The US government used it as a way to gain public support to go in and attack the Vietnamese people.

Why? Well, I got different answers to that. But an awful lot of those answers are "Oh, we always figured it had something to do with those rubber plants we was guardin'."

Rich people use poor people to go to war so they can get richer. And those pawns are left to rot afterward.

#peopleoverprofits

One of my clients was allowed to rot away, I begged for more help for him. He should be in a hospital, not expected to live with only my assistance 6 hours a week.

He was diagnosed with ALS 1 week before it killed him. The VA is fucking useless. Poor people being pawns gain nothing. This particular poor person was one of the brains behind EMP bombs. Hawking can live over 50 years with ALS because he had money. This guy, he had less than 2 years.

Another client? The VA lost all record of his ever existing in a big ass fire. They claimed this fire was the reason he had zero proof of ever even being in the military.

He managed to find some letters he had sent from vietnam, and later the hospital where he stayed with a broken back.

They fought with him for over 20 years. This veteran of their war, pretending he deserved NOTHING while he lived with crippling PTSD and debilatating back pain. They denied him a surgery that could have helped him. Allowed him to walk.

By the time they magically found his papers that had been destroyed by a fire, it was too late for him to have the surgery. He would live his entire life in pain.
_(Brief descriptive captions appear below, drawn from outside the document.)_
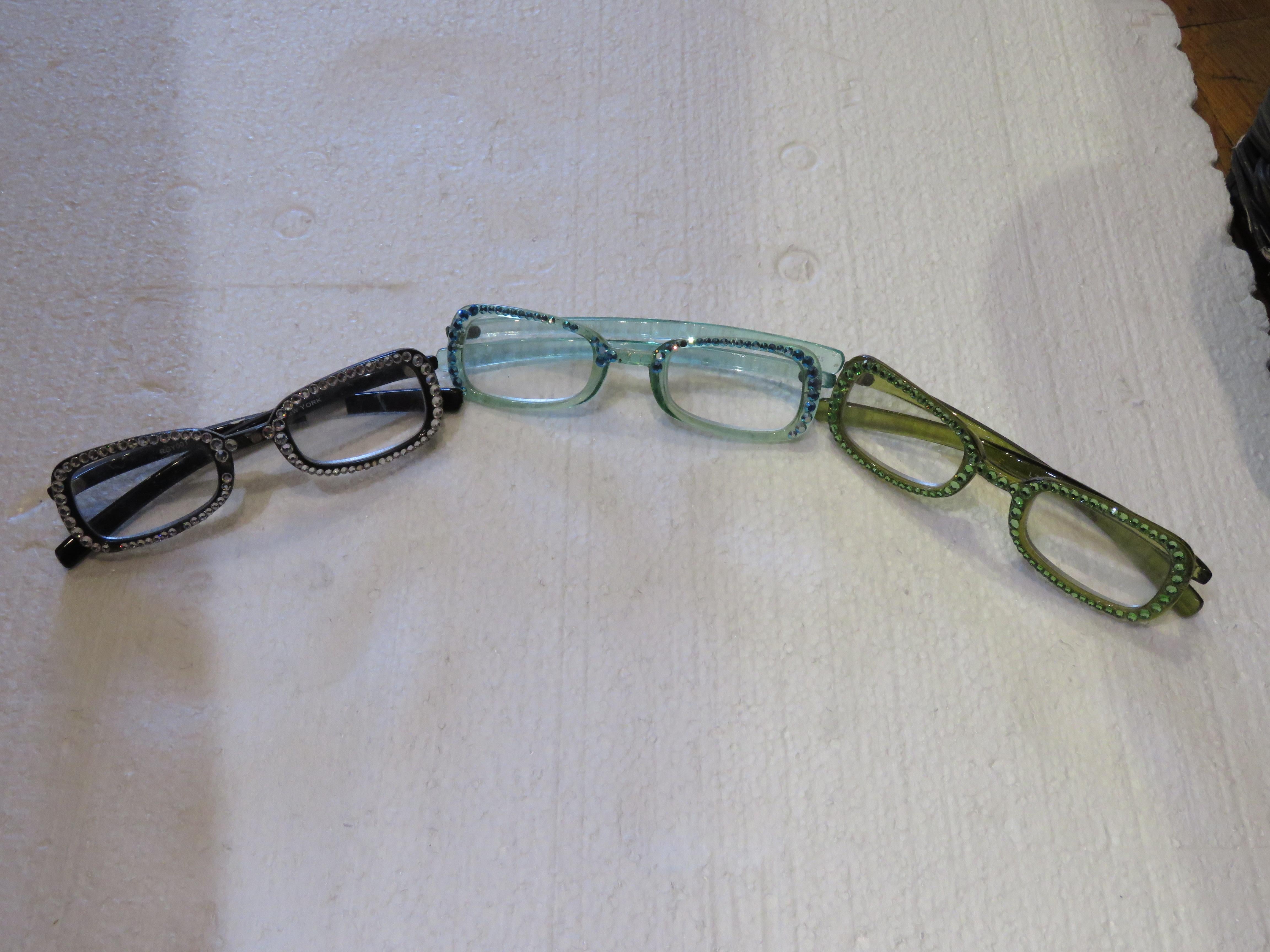 The Following Item that we are offering is a Set of 3 Magnificent and Exquisite Rare Colorful Reading Glasses. Outstandingly done with Magnificent Colors and Detail and adorned with Swarovski Crystals. From a Several Million Dollars New York Estate
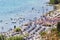 Tourists enjoy sun and watersports in the volcano lake of Castel Gandolfo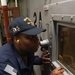 GSM Tawayna Brown conducts a visual inspection of an engine compartment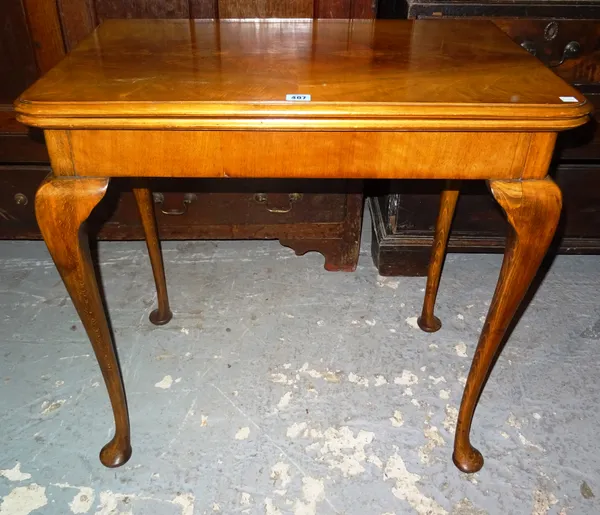 A 20th century walnut fold-over games table, cabriole legs, indistinct maker's stamp to the interior, 76cm wide. K9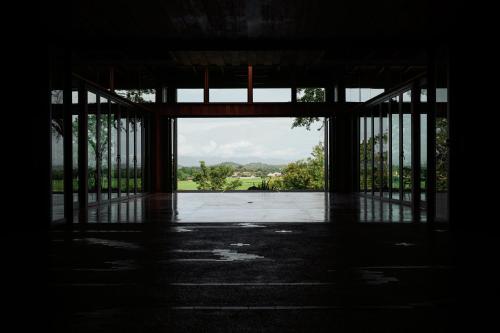an empty room with a large open door with a view at Sataa Resort Nan in Nan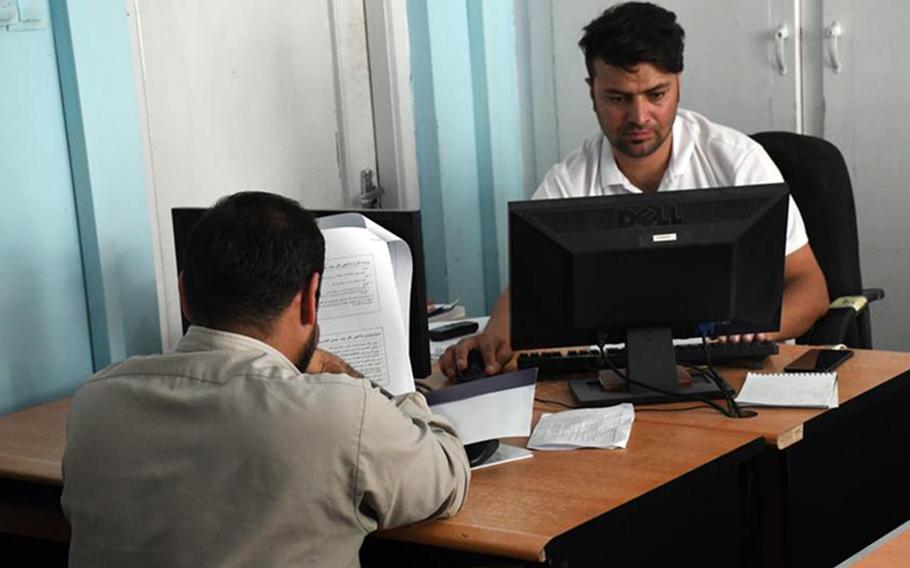 Afghan journalists work in the newsroom of Pajhwok news agency on Sept. 4, 2019. Despite assurances that the Taliban would allow a free media after taking control of the country, rules ban reporting that is contrary to Islam or that insult national figures.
An estimated 40,000 veterans from a variety of American wars are curently homeless.

Trump just slammed Syria (again) and the cost of the missiles alone was $119,000,000. Yes. Millions.

Can you imagine how much better it would have been to use that money to oh, I dunno, fix FLINT?! Or maybe help the issues with some of our schools or failing infrastructure?

Nah. Gotta go golf now.

So, I'm sure most people stopped reading after the first paragraph. If you've read all the way here, thank you. Please feel free to leave an opinion in the comments.

Keep it civil please, I'm not in the mood for a Facebook style drama fest of "Don't like it leave!" Bullshit.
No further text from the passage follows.